I see, yeah, we all agreed that it was better to keep the `users` as it was, and add another entity to represent `unified identity` couple days back.

But it have caused mess during multiple discussions, many of us can't even express himself including myself. so we gave up and agreed that it is better to rename existing `users` to `accounts` for greater good.

The terms you defined, I think it would cause a much much bigger mess for us to express our thoughts, especially myself... -_-!!!

Correct me if I'm wrong, By your definition, a `account` might have multiple `users` on one or multiple `platforms`.

This is the opposite of my cognition: a `user` might have multiple `accounts` on one or multiple `platforms`.

Another reason why we wanted to avoid using `user` is sometimes it refers to the ones using Apache DevLake.

Does it make sense?


Thanks

Klesh Wong

On 6/15/22 21:14, Jinglei Ren wrote:
The bad smell comes from “a living thing” which the system should not model.

We can follow most of your model but (1) merge `person` and `user` in your 
model and name it `account`; (2) rename the `account` in your model to `user`.

The reason for (2) is that, as mentioned in 
https://github.com/apache/incubator-devlake/issues/1680, “we thought of 
changing the existing table.users to table.accounts and adding a table.users to 
represent … natural people, but that will cause many changes in the code.” So, 
it is good to keep the word `user` for various platforms rather than introduce 
the `account` in your model.

All in all, we can use the new `account` concept and rephrase your model.

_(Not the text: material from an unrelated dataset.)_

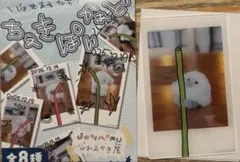 じょせまる ちぇきぽいかぁど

1. `account`: the unified identity on Apache DevLake for collecting and 
analyzing data from different platforms.
2. `platform`: a website (github.com/gitlab.com/etc...), or abstract domain 
(git repository, … and the only reliable identity for a git user is email)
3. `user`: a registration record to represent a user on a `platform`, but an 
`account` may or may not map to multiple `users` on a specific platform.
   (1) any `account` is always associated with a single user on a single 
platform (we don't need `account` table)
   (2) some `account` is associated with one user on each of multiple platforms 
(we need `account` table)
   (3) some `account` is associated with multiple users on multiple platforms 
(we need `account` table badly)
Now, what we try to do here is to group those `users` by `account`… (take git 
author_email as
an example, different emails can belong to one `account`).

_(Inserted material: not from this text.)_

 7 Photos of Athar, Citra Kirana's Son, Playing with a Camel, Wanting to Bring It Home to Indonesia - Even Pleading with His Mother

You can see the refined model is simpler than your original one. So, to quickly 
form consensus, the decision point can be like this: (1) If the above refined 
model meets the requirements, my understanding should be correct and my 
irritation with `person` actually leads to better definitions. Then let’s go 
with it and we won’t spend more time on the word choice of `account`, for 
example. (2) If the above refined model doesn’t work or misses something, my 
understanding should be flawed so please just keep to your original model and 
`person` and ignore this thread.

Thanks,
Jinglei

From: Klesh Wong <kl...@apache.org>
Date: Wednesday, June 15, 2022 at 2:30 PM
To: dev@devlake.apache.org <dev@devlake.apache.org>
Subject: Re: [discuss] team entity design => table name
Let's bare with existing terms a little bit longer, I don't buy your
definition of `account` just yet. Here is why:

  1. `person`: a Living Thing (Human, Dog, or Alien)
  2. `user`: a `person` who is using Apache DevLake to collect and
     analyze DevOps data
  3. `platform`: a website(github.com/gitlab.com/etc...), or abstract
     domain(git repository, it can be cloned to different
     machines/websites, but somehow we treat them the same git repo, and
     the only reliable identity for `person` is email)
  4. `account`: a registration record to represent a `person` on a
     `platform`, but a `person` may or may not have multiple `accounts`
     on a specific platform.
      1. one `person` register on one platform one time and use it
         forever (we don't need `person` table)
      2. one `person` register on multiple platforms one time each and
         use them forever (we need `person` table)
      3. one `person` register on multiple platform multiple time each
         and use some of them (we need `person` table badly)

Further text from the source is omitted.